Source: Dr. Bill Musgrave, American Gold Exchange
Austin— Gold dipped 0.2% to close at a four-month low of $1,244 after strong factory data in the U.S. and China diminished interest in safe havens. The ISM said U.S. manufacturing jumped in May at the fastest pace in this year, signaling improved prospects for growth in the second half of the year. Chinese manufacturing also grew by more than expected, reversing a recent slowing trend. The upbeat reports rallied global equities, with the Dow and S&P 500 setting new record closes.

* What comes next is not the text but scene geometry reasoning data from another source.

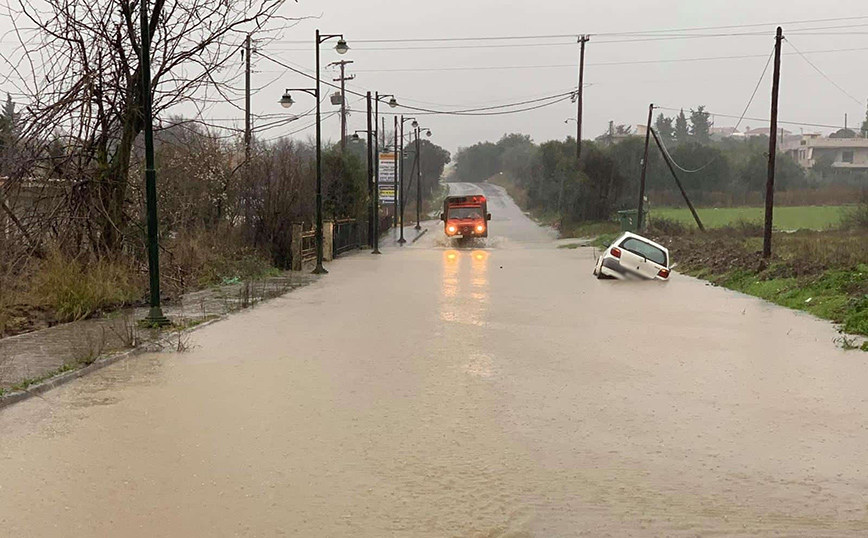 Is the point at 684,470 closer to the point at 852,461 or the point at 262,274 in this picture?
the point at 852,461

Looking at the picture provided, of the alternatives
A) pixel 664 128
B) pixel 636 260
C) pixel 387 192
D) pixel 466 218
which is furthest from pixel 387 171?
pixel 664 128

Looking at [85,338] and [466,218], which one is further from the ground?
[466,218]

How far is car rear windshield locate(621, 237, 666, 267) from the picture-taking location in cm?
2442

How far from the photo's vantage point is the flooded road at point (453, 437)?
5812mm

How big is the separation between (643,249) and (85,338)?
16.1m

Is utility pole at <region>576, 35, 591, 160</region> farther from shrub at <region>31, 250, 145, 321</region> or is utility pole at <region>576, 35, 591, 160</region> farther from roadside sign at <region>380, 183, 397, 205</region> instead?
shrub at <region>31, 250, 145, 321</region>

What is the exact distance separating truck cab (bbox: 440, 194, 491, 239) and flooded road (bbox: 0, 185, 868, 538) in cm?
3484

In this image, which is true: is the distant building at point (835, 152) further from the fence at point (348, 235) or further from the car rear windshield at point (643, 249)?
the car rear windshield at point (643, 249)

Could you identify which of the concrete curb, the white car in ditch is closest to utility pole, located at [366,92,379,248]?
the white car in ditch

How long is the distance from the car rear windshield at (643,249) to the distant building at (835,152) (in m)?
113

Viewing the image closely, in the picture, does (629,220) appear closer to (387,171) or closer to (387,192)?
(387,171)

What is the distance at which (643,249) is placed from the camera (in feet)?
80.3

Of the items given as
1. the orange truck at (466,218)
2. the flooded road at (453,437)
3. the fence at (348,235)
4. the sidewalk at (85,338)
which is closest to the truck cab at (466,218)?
the orange truck at (466,218)

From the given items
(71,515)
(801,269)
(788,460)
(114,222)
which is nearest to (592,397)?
(788,460) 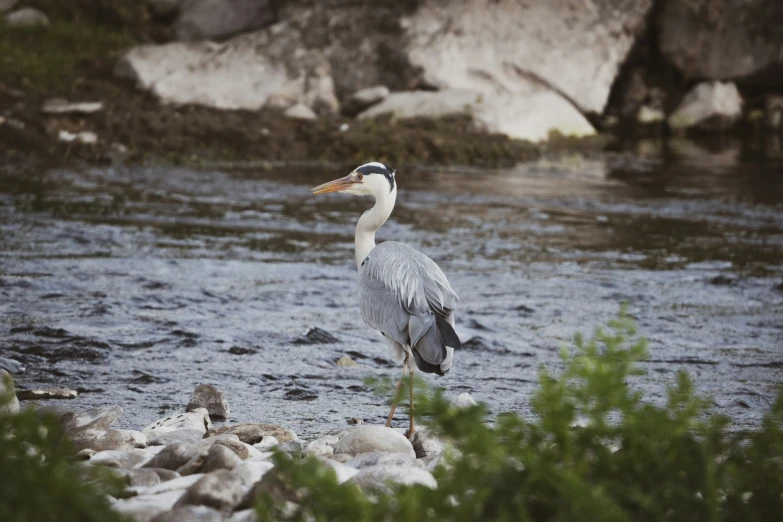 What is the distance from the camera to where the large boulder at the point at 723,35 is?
22547mm

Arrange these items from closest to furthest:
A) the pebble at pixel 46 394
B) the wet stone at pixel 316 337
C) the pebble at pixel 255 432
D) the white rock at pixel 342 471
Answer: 1. the white rock at pixel 342 471
2. the pebble at pixel 255 432
3. the pebble at pixel 46 394
4. the wet stone at pixel 316 337

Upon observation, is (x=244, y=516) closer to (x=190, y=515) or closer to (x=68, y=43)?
(x=190, y=515)

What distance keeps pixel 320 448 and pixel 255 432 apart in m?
0.41

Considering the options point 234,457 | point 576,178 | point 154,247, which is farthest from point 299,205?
point 234,457

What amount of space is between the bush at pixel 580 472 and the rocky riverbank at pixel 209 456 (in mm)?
226

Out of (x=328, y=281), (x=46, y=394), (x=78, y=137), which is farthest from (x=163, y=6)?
(x=46, y=394)

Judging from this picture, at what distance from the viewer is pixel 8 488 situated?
274cm

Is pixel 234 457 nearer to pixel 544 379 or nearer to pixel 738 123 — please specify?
pixel 544 379

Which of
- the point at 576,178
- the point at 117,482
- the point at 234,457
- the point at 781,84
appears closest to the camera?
the point at 117,482

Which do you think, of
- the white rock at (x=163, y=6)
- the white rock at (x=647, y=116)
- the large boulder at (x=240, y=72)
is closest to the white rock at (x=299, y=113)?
the large boulder at (x=240, y=72)

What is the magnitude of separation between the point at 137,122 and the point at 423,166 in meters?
4.56

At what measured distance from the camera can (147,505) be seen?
3.36m

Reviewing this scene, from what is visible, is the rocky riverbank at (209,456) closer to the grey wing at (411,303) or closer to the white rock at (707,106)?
the grey wing at (411,303)

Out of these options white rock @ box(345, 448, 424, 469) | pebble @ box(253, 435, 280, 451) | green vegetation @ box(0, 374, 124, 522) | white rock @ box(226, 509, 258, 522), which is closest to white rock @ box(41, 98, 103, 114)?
pebble @ box(253, 435, 280, 451) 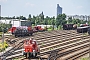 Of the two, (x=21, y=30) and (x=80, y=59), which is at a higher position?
(x=21, y=30)

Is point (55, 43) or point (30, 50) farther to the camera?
point (55, 43)

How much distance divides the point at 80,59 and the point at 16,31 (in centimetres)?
1463

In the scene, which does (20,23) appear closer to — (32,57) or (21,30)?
(21,30)

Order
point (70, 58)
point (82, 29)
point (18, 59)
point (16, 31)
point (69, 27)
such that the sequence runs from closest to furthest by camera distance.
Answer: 1. point (18, 59)
2. point (70, 58)
3. point (16, 31)
4. point (82, 29)
5. point (69, 27)

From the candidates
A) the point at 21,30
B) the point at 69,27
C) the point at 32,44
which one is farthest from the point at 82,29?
the point at 32,44

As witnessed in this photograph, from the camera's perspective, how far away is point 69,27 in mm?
55125

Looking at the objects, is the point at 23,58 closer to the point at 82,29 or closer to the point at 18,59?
the point at 18,59

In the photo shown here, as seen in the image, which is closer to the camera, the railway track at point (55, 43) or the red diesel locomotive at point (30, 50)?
the red diesel locomotive at point (30, 50)

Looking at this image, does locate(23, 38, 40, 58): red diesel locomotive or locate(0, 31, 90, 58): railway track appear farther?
locate(0, 31, 90, 58): railway track

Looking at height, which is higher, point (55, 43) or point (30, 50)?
→ point (30, 50)

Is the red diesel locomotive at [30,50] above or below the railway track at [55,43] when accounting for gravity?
above

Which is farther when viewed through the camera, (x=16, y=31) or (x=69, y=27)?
(x=69, y=27)

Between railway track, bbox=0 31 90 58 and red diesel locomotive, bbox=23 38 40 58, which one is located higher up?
red diesel locomotive, bbox=23 38 40 58

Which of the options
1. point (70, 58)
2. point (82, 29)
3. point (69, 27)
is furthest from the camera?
point (69, 27) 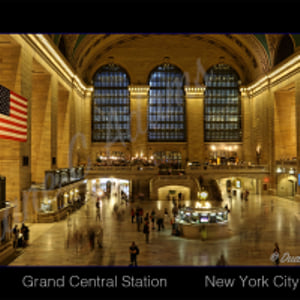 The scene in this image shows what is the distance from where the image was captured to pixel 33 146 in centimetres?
2842

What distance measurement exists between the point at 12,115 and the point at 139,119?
30.1 meters

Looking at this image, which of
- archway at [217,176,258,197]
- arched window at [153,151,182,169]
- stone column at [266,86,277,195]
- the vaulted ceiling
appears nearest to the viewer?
stone column at [266,86,277,195]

The dollar rallied against the euro and Treasury prices fell again for the biggest three-day drop since March. Falling inflation in Germany and flagging growth in the eurozone is likely to mean the start of Fed-style quantitative easing by the ECB in June, further undermining the euro. A stronger dollar typically pressures gold and other commodities denominated in the buck by making them more costly to holders of other currencies. The other precious metals were mixed, with platinum and palladium losing 1.1% and 0.4%, respectively, while silver bucked the trend by gaining 0.3%
At the Comex close: August gold dipped $2 to $1,244; July silver gained 6 cents to $18.74; July platinum dropped $16 to $1,436.70; and September palladium shed $3.70 to $832.65 an ounce.